U.S. Sanctions Tighten Grip on Iran-China Oil Trade
The United States has moved to disrupt Iran’s illicit oil trade, sanctioning a China-based petroleum terminal operator, Iranian currency exchange houses, and associated networks in a coordinated State and Treasury action announced May 1, 2026.
The primary target is Qingdao Haiye Oil Terminal Co., Ltd., a Chinese terminal operator that has imported tens of millions of barrels of sanctioned Iranian crude oil since the announcement of National Security Presidential Memorandum 2 (NSPM-2). Haiye allegedly accepted cargo from vessels conducting ship-to-ship transfers with already-sanctioned ships, enabling billions of dollars to flow to Tehran through layered evasion schemes. The deceptive shipping practices involved also posed risks to legitimate maritime commerce.
Concurrently, the Treasury Department designated three Iranian currency exchange houses along with affiliated individuals and companies. These intermediaries process billions of dollars annually, converting Iran’s oil revenues into usable currency for the regime and its regional proxy network.
Both actions draw on existing executive authority: State acted under Executive Order 13846, which reimposed a broad sanctions framework against Iran; Treasury acted under Executive Order 13902, targeting actors in Iran’s petroleum and petrochemical sectors. Both fall under the directive of NSPM-2, which mandates maximum economic pressure on Tehran.

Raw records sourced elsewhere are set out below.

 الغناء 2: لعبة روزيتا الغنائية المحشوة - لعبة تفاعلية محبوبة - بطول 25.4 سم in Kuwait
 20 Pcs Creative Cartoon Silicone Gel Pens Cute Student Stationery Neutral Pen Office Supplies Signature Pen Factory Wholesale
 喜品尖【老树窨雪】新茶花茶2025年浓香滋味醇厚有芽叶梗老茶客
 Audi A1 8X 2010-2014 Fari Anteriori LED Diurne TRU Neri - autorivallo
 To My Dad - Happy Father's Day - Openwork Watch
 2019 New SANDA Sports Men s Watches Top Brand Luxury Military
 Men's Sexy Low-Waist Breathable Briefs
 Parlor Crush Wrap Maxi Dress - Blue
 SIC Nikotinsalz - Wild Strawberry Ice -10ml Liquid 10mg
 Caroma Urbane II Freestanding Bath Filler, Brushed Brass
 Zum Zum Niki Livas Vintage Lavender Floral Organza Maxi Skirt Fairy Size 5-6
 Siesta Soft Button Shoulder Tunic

The administration framed the measures under the banner of “Economic Fury,” signaling an intent to intensify pressure on the international infrastructure sustaining Iran’s energy trade. The explicit target is the revenue chain that funds Iranian proxy operations, weapons development, and regional destabilization — while the press statement noted that Iran’s own population bears the cost of the regime’s economic mismanagement.
The designation of a Chinese terminal company is the sharper edge of this action. Qingdao Haiye is not a shadow entity — it is a named, traceable operator in China’s commercial port infrastructure. Sanctioning it directly challenges Beijing’s tolerance for Iranian crude imports and raises the stakes for any Chinese firm that treats NSPM-2 as background noise. Whether secondary pressure of this scale alters Chinese behavior at the commercial level remains the operative question.